The government appears to have quietly lowered the importance of raising the population of the island to 100,000 as part of its draft economic strategy.
Due to go to Tynwald in November, the updated strategy is designed to set the island on a path toward sustained growth over the next 15 years.
The ambition that was ranked most important by respondents to a consultation on the strategy was the aim of generating additional government income for the reinvestment in services and quality of life.
Comparatively, the ambition to grow the population to 100,000 by 2037 was judged the least important, with 28% of responses saying this was ‘not at all important’.
This could explain why population growth has been downgraded in the government’s strategy.
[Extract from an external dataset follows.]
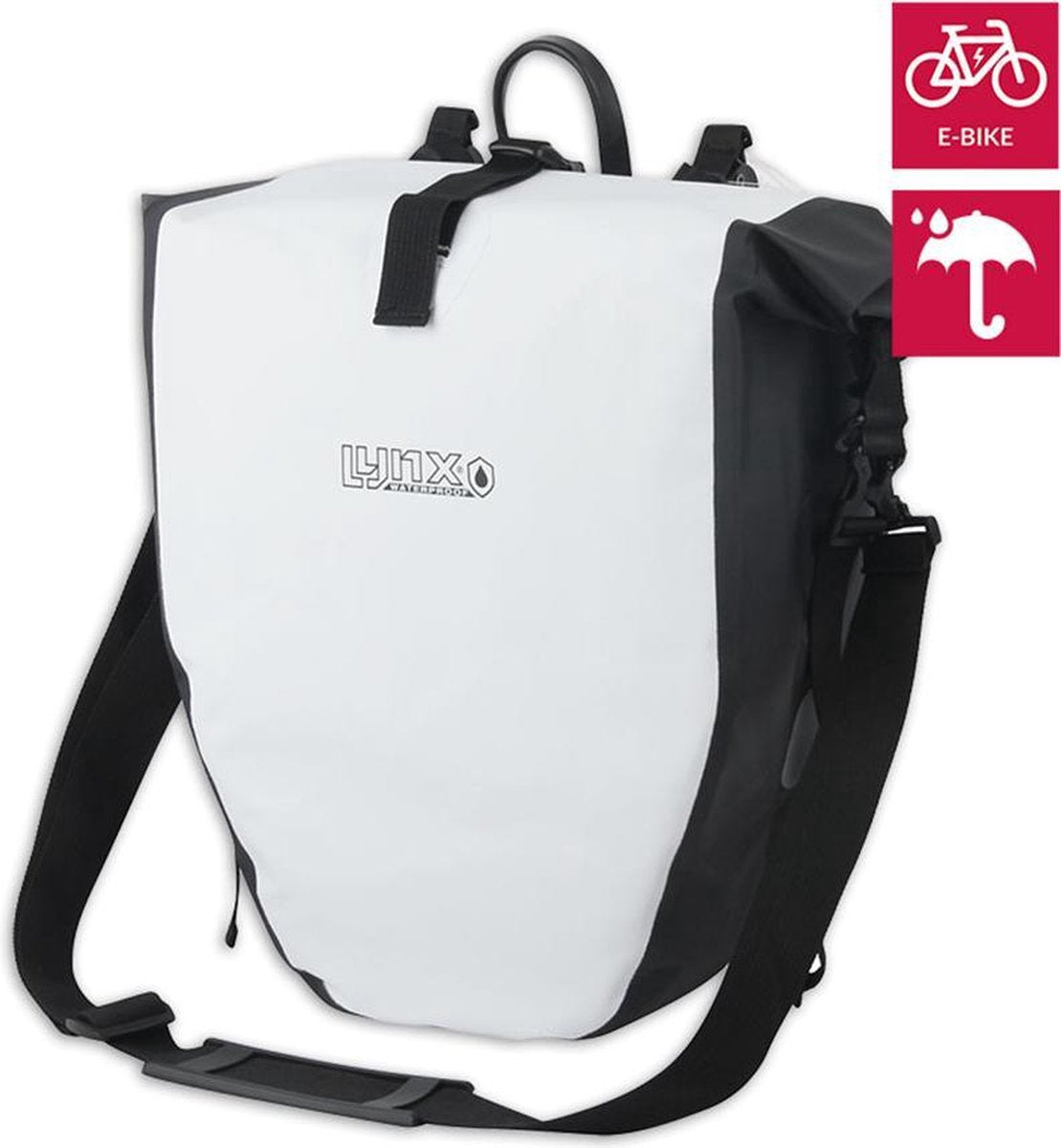 Lynx Waterdichte Fietstas Tarpaulin XL 25 Liter - Wit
No longer is the plan to ‘grow our population to 100,000 residents by 2037, driven by the inward migration of economically’, instead the government wants to ‘further develop the infrastructure and services for our community to plan for an estimated population of 100,000 by 2037’.
As well as this, growing the population has gone from being a category in its own right under ‘economic aspirations and economic shifts’ to ‘economic ambitions and shifts’.
One area that is likely to worry the government is the general mood of respondents to how the island compares to our near neighbours.
Respondents were also asked a question on the island’s competitiveness as a place to live and work against the UK and Channel Islands.
The report says: ‘A large proportion felt the island is not competitive, and very few consider the island to be more competitive.’
This lack of competitiveness could also be reflected in the matters deemed most important to respondents, being improvements in affordable housing, health services and culture, and leisure and transport facilities.
The report, published on the Tynwald Register of Business, also outlines the people who responded to the consultation. Of the respondents, 28% were aged 61 or over, with a further 25% aged between 51 and 60 and just over 20% aged 41 to 50.
However, fewer than 25% of the respondents were aged under 40, with just 17% being 31 to 40, 7% being 22 to 30 and a barely negligible 1% being under 22.